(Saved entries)
== Segment start ==
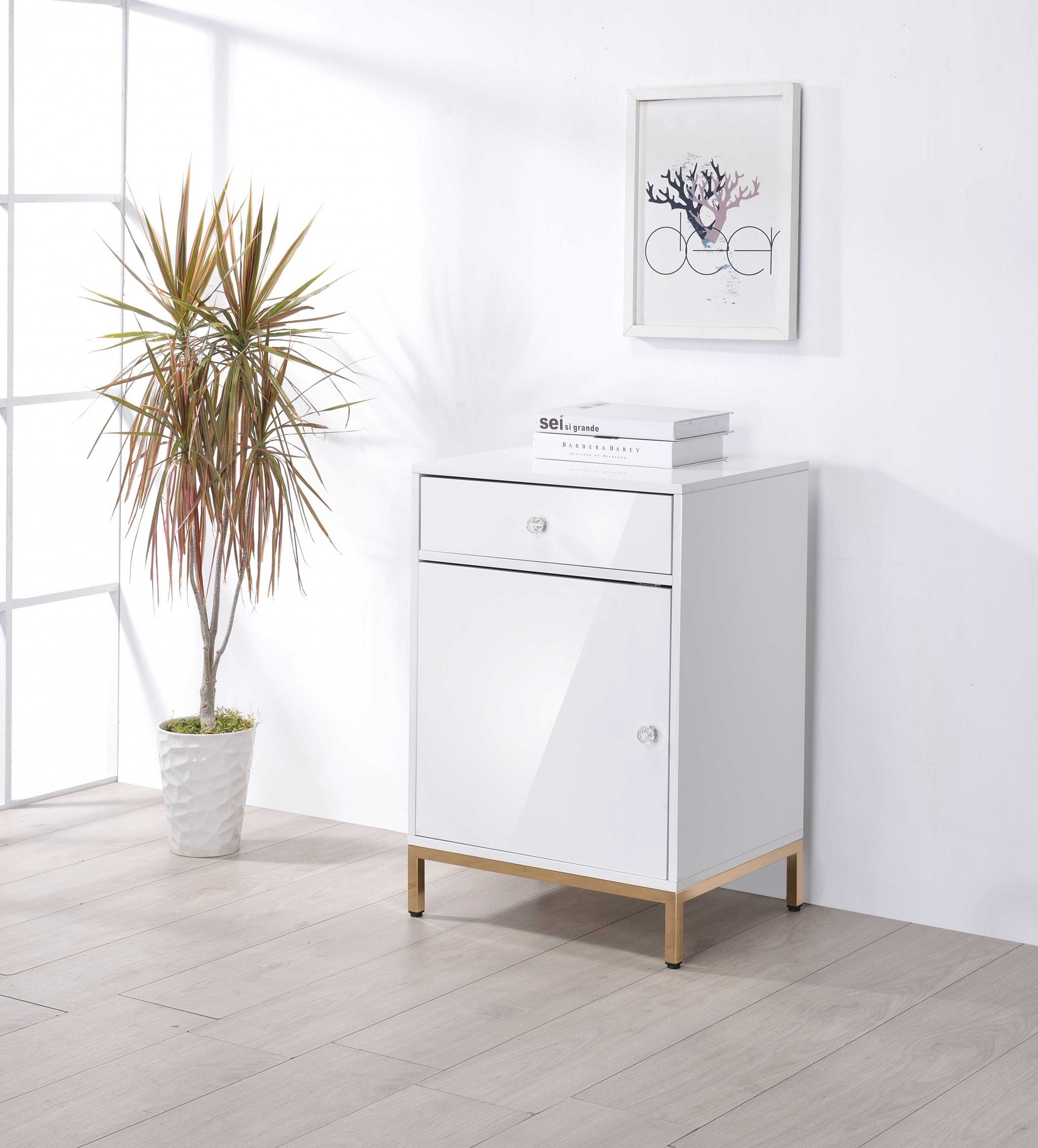 Elegant white high gloss cabinet with gold metal base, featuring a door and storage drawer, perfect for modern office decor.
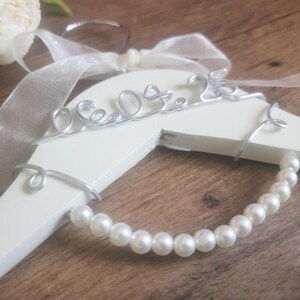 May include: A white wooden hanger with a silver wire design that reads "06.09.23". The hanger is adorned with a pearl strand and a white ribbon. The background is a wooden surface.
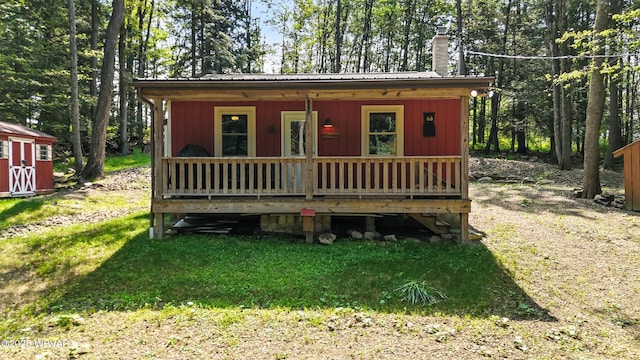 110 Worlds End Rd, Muncy Valley, PA 17758 - view of front of home with a chimney, a metal roof, an outbuilding, a front lawn, and covered porch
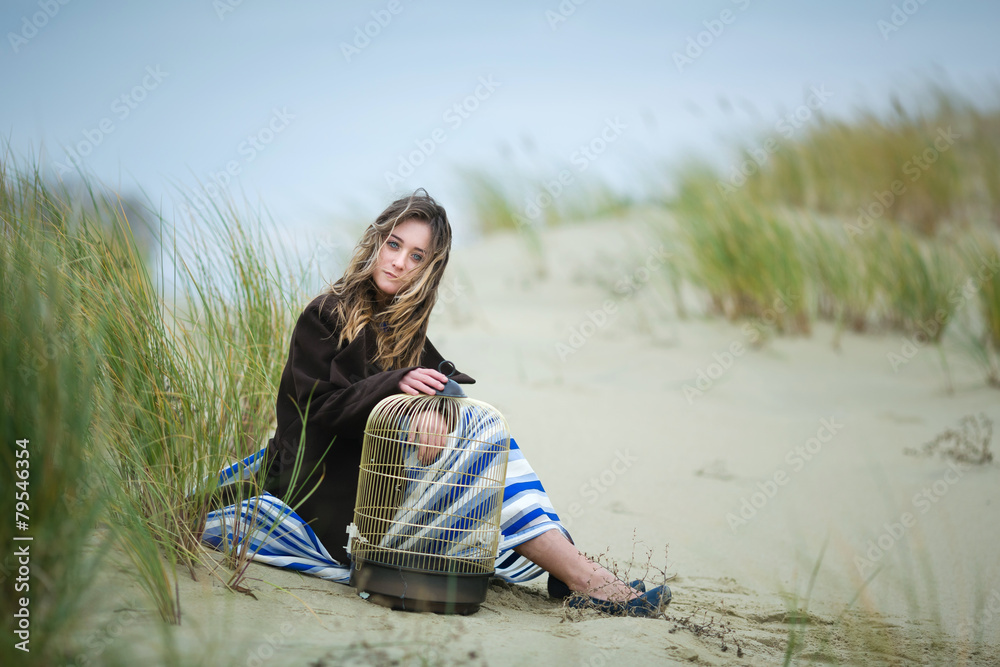 Fototapeta premium Beautiful girl with a birdcage in a dune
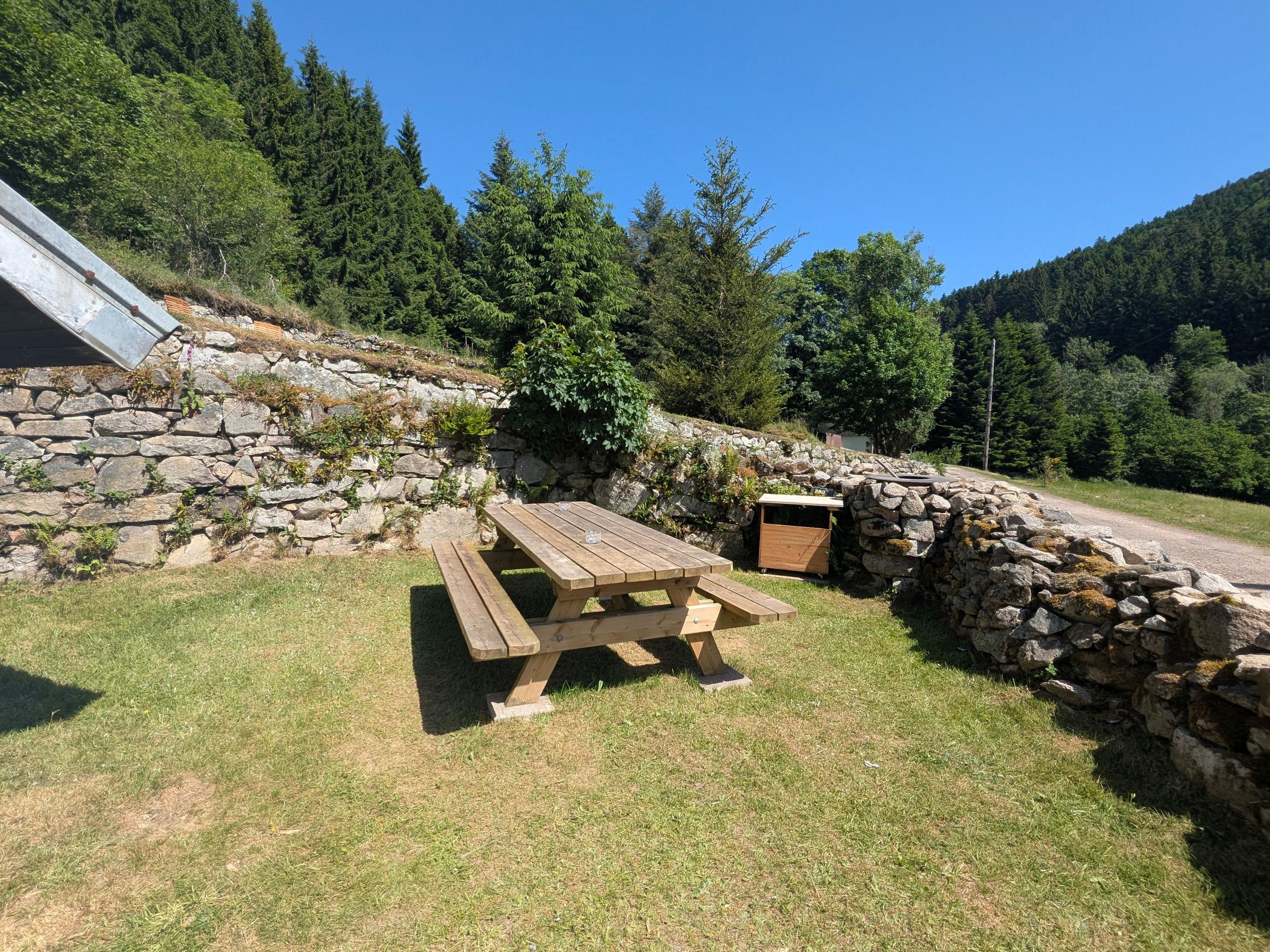 A picnic table with benches, a stone wall, and a grassy area with trees in the background.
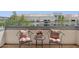 Cozy balcony features seating with views of surrounding city landscape and neighborhood at 945 E Playa Del Norte Dr # 3009, Tempe, AZ 85288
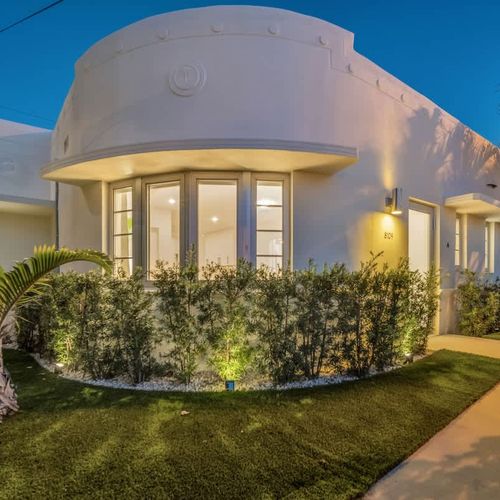 Featuring elegant curved architecture, floor-to-ceiling windows, and beautifully landscaped gardens. Relax in the warm glow of exterior lighting at dusk.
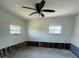 Spacious garage interior showcasing a ceiling fan and natural light through the windows at 5312 Berkley Rd, New Port Richey, FL 34652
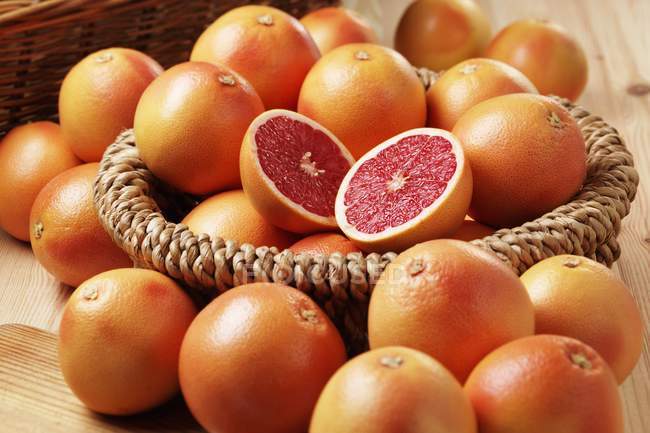 Pink grapefruits with basket — Stock Photo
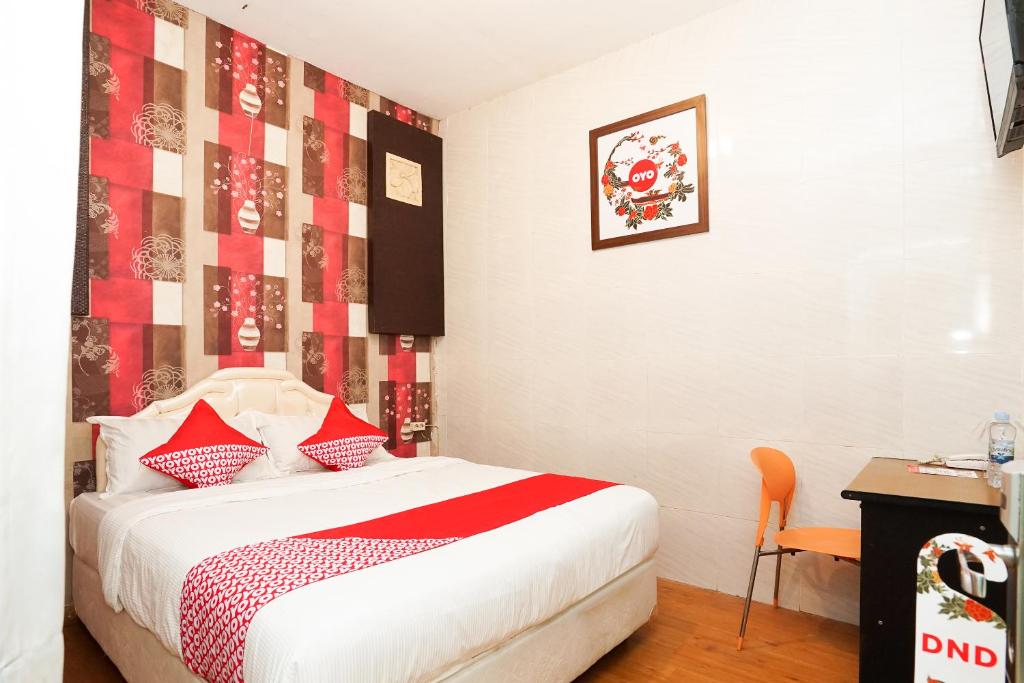 una camera con un letto con una coperta rossa e bianca di OYO 425 Mojokerto Guesthouse a Mojokerto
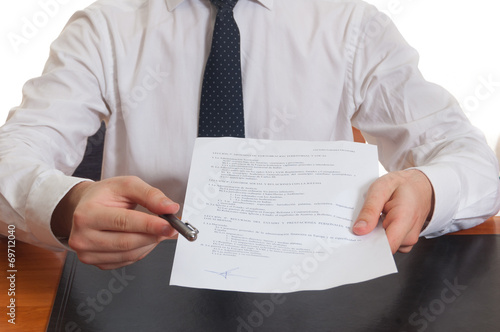 Businessman offering pen and documents for signing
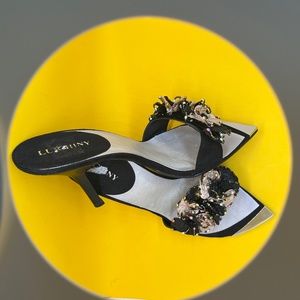 NWT. LUICHINY, SEXY TIMELESS HEELS,  METAL TOE PLATE, SZ.10, BLACK,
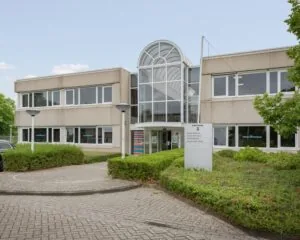 Vooraanzicht van een modern kantoorgebouw aan de Energieweg 3 met bedrijven van Uitgeverij Veltman.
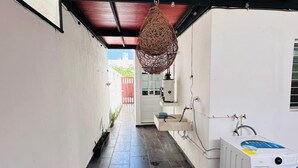 Een smalle gang met een wasmachine en een hanglamp.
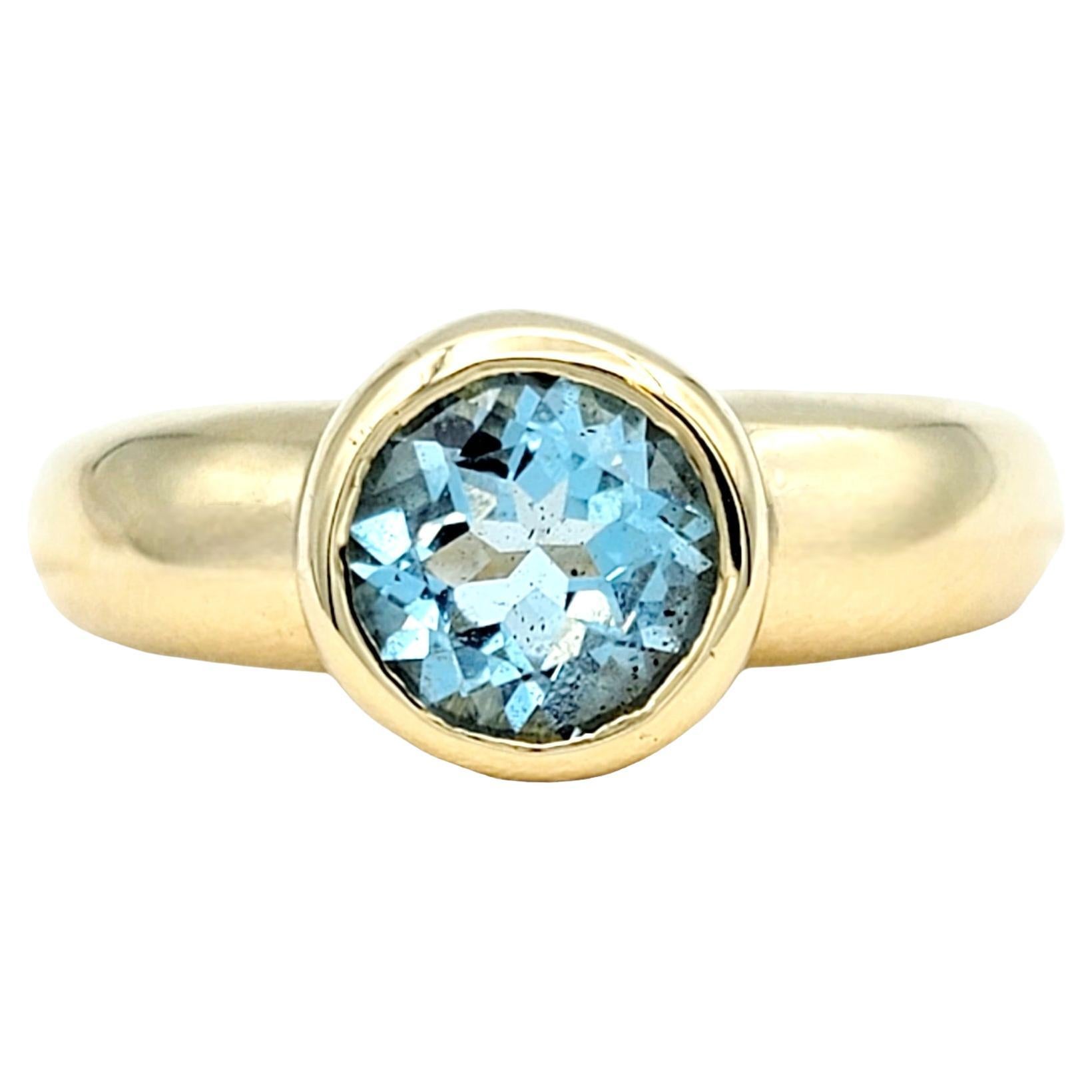 Round Bezel Set Blue Topaz Solitaire Band Ring in Polished 14 Karat Yellow Gold For Sale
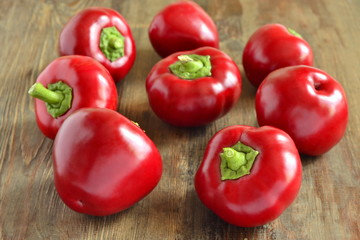 Sweet red pepper on the wooden background,  rotunda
== Segment end ==
▶ **What you need to do**
Print all entries exactly, without images.

▶ **Result**
 Elegant white high gloss cabinet with gold metal base, featuring a door and storage drawer, perfect for modern office decor.
 May include: A white wooden hanger with a silver wire design that reads "06.09.23". The hanger is adorned with a pearl strand and a white ribbon. The background is a wooden surface.
 110 Worlds End Rd, Muncy Valley, PA 17758 - view of front of home with a chimney, a metal roof, an outbuilding, a front lawn, and covered porch
 Fototapeta premium Beautiful girl with a birdcage in a dune
 A picnic table with benches, a stone wall, and a grassy area with trees in the background.
 Cozy balcony features seating with views of surrounding city landscape and neighborhood at 945 E Playa Del Norte Dr # 3009, Tempe, AZ 85288
 Featuring elegant curved architecture, floor-to-ceiling windows, and beautifully landscaped gardens. Relax in the warm glow of exterior lighting at dusk.
 Spacious garage interior showcasing a ceiling fan and natural light through the windows at 5312 Berkley Rd, New Port Richey, FL 34652
 Pink grapefruits with basket — Stock Photo
 una camera con un letto con una coperta rossa e bianca di OYO 425 Mojokerto Guesthouse a Mojokerto
 Businessman offering pen and documents for signing
 NWT. LUICHINY, SEXY TIMELESS HEELS,  METAL TOE PLATE, SZ.10, BLACK,
 Vooraanzicht van een modern kantoorgebouw aan de Energieweg 3 met bedrijven van Uitgeverij Veltman.
 Een smalle gang met een wasmachine en een hanglamp.
 Round Bezel Set Blue Topaz Solitaire Band Ring in Polished 14 Karat Yellow Gold For Sale
 Sweet red pepper on the wooden background,  rotunda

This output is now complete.